Quote: The Giggle-o @ September 20 2009, 11:28 PM BST

Far be it for me to try and gild your lily lee but what about a gas mask, as opposed to a brown paper bag? The bag just doesn't quite seem right to me (my opinion of course, I'm not telling you what to do, oh God what have I said *backs out of room bowing and saying a thousand sorries*). Not too puerile in response to original question. Reminiscent of a sketch from Jam, if memory serves me correctly, with the inappropriate doctor who asks his patients to take down their trousers and 'jump up and down, shake it from side to side' when they've gone in with a cough or summink.
Four fish out of five.

Yeah, a gas mask would work in a more surreal sketch I think. But in this instance, the paper bag seems to nudge the boundaries to just the right side of believability. Happy for other suggestions though. :)

Quote: Lee Henman @ September 20 2009, 11:35 PM BST

Yeah, a gas mask would work in a more surreal sketch I think. But in this instance, the paper bag seems to nudge the boundaries to just the right side of believability. Happy for other suggestions though. :)

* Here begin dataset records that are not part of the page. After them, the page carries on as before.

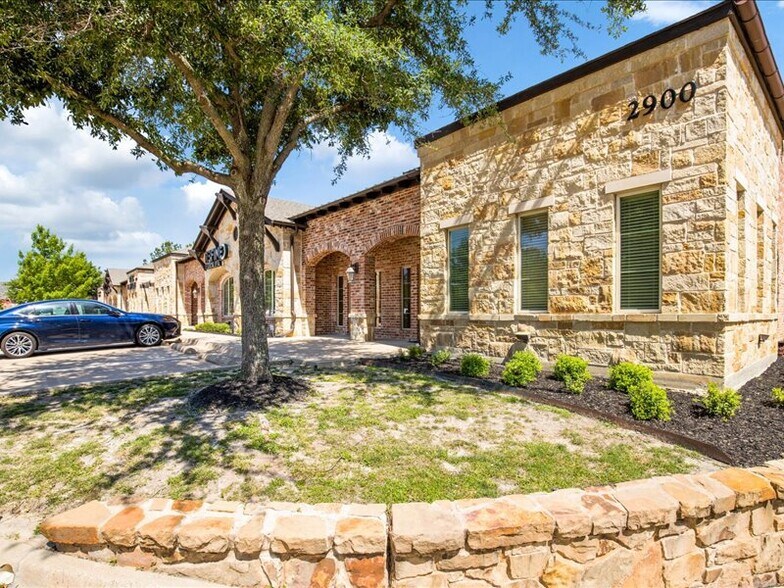 More Photos Of 2900 W Southlake Blvd, Southlake Unknown For Lease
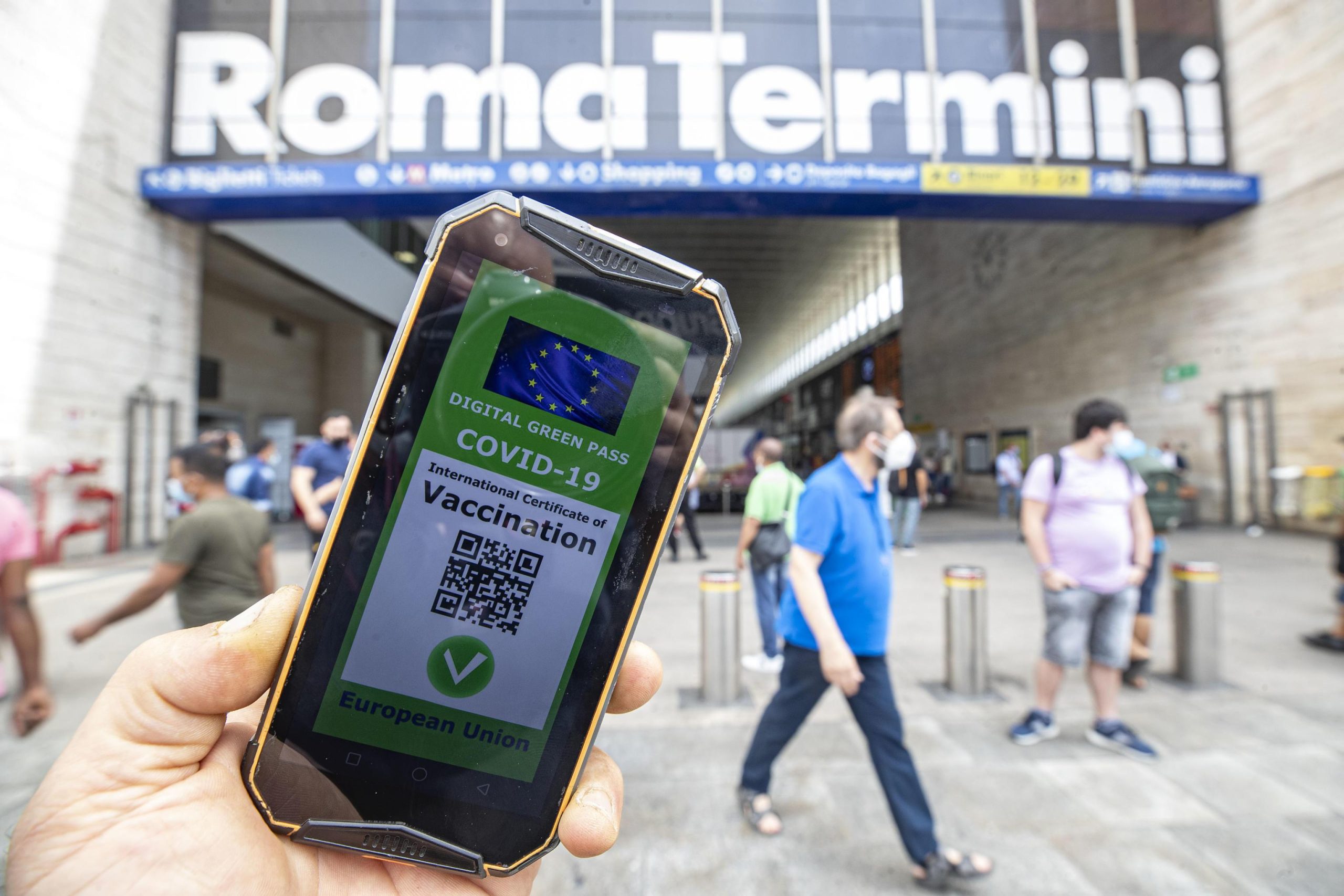 Green Pass e trasporti, il decreto slitta, ma non c’è più tempo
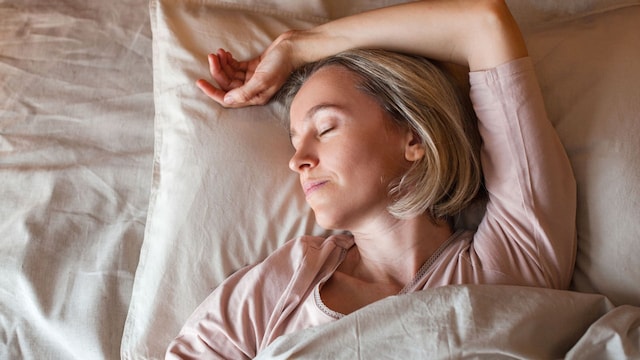 mujer dormir cama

Welder's mask, Splatterhouse-style mask... Maybe he could have a prodding stick that he uses so he can stand as far away as possible? Nah. Stick with yours!
:)

Quote: Lee Henman @ September 20 2009, 11:35 PM BST

Yeah, a gas mask would work in a more surreal sketch I think. But in this instance, the paper bag seems to nudge the boundaries to just the right side of believability. Happy for other suggestions though. :)

How many doctors do you know who kill germs on their hands with a mallet?